You are a teenager in Southern California. In nearby Los Angeles, millionaires spend hours upon hours distilling the complexities of the human experience into their most easily digestible essences. Television is either Cheers or In Living Color. Radio is either rap or grunge. But you are a white kid going to Martin Luther King Jr. High School in a predominantly Hispanic city, and nobody knows who you are.
Laguna Beach is not Southern California. Friday is not Southern California. 40 Oz. to Freedom is Southern California. Never have so many cultures collided so fantastically in the span of one 74 minute album. Here, an unironic cover of the Grateful Dead’s “Scarlet Begonias” lives alongside Bradley Nowell’s list of the things KRS-1. Also: “Chica Me Tipo,” sung almost entirely in Spanish. Sublime lays bare in the length of one album what no one in Hollywood would ever attempt: Southern California as a culture clash where everybody wins.

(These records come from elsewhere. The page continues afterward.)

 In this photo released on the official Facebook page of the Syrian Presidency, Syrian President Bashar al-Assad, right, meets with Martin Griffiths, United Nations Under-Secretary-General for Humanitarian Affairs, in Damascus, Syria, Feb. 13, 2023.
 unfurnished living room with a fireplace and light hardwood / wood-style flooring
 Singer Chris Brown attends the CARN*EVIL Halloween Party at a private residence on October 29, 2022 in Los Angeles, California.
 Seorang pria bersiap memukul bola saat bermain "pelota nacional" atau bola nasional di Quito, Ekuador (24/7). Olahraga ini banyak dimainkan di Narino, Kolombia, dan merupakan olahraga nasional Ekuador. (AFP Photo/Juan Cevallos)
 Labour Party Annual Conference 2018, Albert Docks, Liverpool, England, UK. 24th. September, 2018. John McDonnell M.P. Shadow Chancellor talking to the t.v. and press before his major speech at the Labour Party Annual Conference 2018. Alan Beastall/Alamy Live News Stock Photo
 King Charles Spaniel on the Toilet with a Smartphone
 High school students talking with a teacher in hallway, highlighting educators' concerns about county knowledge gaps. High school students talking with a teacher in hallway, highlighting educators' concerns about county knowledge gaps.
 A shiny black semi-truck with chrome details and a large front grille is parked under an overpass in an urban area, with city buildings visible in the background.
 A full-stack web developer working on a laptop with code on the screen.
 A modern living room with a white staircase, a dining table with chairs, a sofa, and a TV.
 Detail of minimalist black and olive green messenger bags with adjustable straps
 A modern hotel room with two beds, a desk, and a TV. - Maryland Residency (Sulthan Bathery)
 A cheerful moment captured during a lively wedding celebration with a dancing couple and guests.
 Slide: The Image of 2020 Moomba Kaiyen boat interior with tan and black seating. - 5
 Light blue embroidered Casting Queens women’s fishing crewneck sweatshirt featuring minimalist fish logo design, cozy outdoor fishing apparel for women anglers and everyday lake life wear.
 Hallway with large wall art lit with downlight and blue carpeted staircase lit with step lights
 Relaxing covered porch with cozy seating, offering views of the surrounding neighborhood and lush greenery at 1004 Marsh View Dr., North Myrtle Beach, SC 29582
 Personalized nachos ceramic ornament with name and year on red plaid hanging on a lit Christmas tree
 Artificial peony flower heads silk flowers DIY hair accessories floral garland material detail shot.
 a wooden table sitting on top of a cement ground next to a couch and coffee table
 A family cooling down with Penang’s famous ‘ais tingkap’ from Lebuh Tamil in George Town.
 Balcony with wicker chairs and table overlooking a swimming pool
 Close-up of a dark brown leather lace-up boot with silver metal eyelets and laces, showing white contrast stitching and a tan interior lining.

Plus, dudes have got songs. “Badfish,” possibly the catchiest melody Sublime ever wrote, begins as a pick-up at a house party before transforming into an up-tempo ballad about addiction and mortality. The album opener, “My Ruca,” strips reggae down to a voice and a pulse—the beat could have come from the Clipse’s next album. “Ebin” justifies the entire third wave of ska. Everything gets laced together as an elaborate mix tape. They sample the Minutemen and Eazy-E and Led Zeppelin and George Clinton. And this doesn’t even take into account their cultural impact. Nowell holds KRS-1 responsible for his education, but how many kids in Irvine did Sublime hip to BDP? Or Jimmy Cliff? Or the Dead? How many finally felt that they could embrace Bad Religion AND Steely Dan? Hispanic culture AND black culture AND suburban white culture?
But it’s remembered for “Date Rape.” Wake up.
-Marty Brown, 2006
Actually, Sublime didn't write the melody to "Badfish." The Ziggens did.